1) Make their work rewarding
Having asked experimental subjects to build Lego models from kits, with a small payment for each one completed, Ariely divided the participants into two groups. In one group, his researchers immediately started to dismantle each model as it was handed over. The builders in that group gave up after an average of 11 models. Not surprisingly, workers soon lose interest if their task seems pointless.
You should make your staff feel that what they make or do is worthwhile. Even if it does little to advance humanity, just highlighting the pleasure it gives to customers can be reward enough.
Making staff more aware of your organisation’s operations and purpose, and involving them in public events, is another suggestion. A yogurt-manufacturing company, Chobani, increased workers’ interest in its success by offering them shares. A small stake can be sufficient to give a sense of joint ownership.
2) Trust them
Bureaucratic and rule-heavy regimes quickly demotivate people. Too much regulation and control over workers’ activities can easily make them feel undervalued and unable to make an autonomous contribution.
Another unwanted effect of excessive reliance on rules can be the creation of a rule-beating mentality in some employees. The experience of Wells Fargo, whose salespeople worked out a way of meeting their targets by inventing false customer accounts, is an illustration of this.
What you gain through strict procedures, designed to prevent misbehaviour from a minority of employees, may be outweighed by what you lose by demotivating all others with your apparent lack of trust.

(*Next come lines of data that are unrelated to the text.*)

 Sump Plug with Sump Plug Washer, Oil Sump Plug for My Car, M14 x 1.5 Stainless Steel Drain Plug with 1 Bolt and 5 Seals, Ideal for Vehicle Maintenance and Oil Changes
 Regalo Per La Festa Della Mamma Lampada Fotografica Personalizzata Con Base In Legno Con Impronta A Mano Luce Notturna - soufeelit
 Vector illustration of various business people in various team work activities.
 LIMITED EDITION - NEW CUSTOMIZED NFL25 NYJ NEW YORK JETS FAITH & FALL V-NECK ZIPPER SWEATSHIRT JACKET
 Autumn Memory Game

Freeing staff to think for themselves allows them to use their creativity in meeting your organisation’s aims. Ariely cites a major hotel group whose telemarketing staff were not allowed to deviate from their set script, even when it was clearly inappropriate to the customer on the line. When this rule was relaxed, results improved.
3) Challenge them
In one of Ariely’s experiments, he gave subjects instructions for making origami animals and then asked them to put a price on what they had created. Their prices were, on average, five times greater than outsiders’ valuations.
Next, he made the job more difficult by deleting some details from the instructions. The prices placed by the subjects on their products sharply increased as a result, while the outsiders’ valuations dropped. He concluded that the pride workers take in their work is proportional to the amount of effort they put into it.
The tale of P. Duff and Sons, which introduced cake mixes to the market in the 1940s, reinforces this view. At first, the buyer needed only to add water – but sales were disappointing. When the formula was changed so that home bakers also had to add in milk and eggs, the products became much more popular. Adding just a little extra effort had significantly increased the user’s sense of achievement.
If your employees’ tasks are too simple or repetitive, you can improve job satisfaction and engagement by introducing duties which stretch them.
4) Rethink bonuses
What would motivate you most to work more productively: a cash bonus, a pizza voucher or a thank you note? Ariely tested this on groups of workers in a semiconductor factory.
Cash turned out to be the least effective motivator, and its effect was the most short-lived. The day after receiving a cash bonus, that group’s output was 13% lower than that of those who had received no bonus. Those receiving pizzas or thanks continued to work more productively for a few days after the award and then went back to normal.
Ariely explains that single-day incentives are relatively ineffective because our thoughts and actions tend to focus on the longer term. Long-lasting rewards, like a sense of purpose in our work, or the appreciation of our employers, mean much more to us.
If you replace cash incentives with, for instance, something that benefits your employees’ long-term health, well-being, development or financial security, or that of their families, they will respond with effort and loyalty.
It’s not about the money
You may find that money is the greatest draw when recruiting staff, but to get the best from them once they become your employees requires much more thought. The psychology of motivation is complex and the ideas presented here might not all work for you. Unless you make the effort to experiment with different motivators, your staff’s potential will be unfulfilled.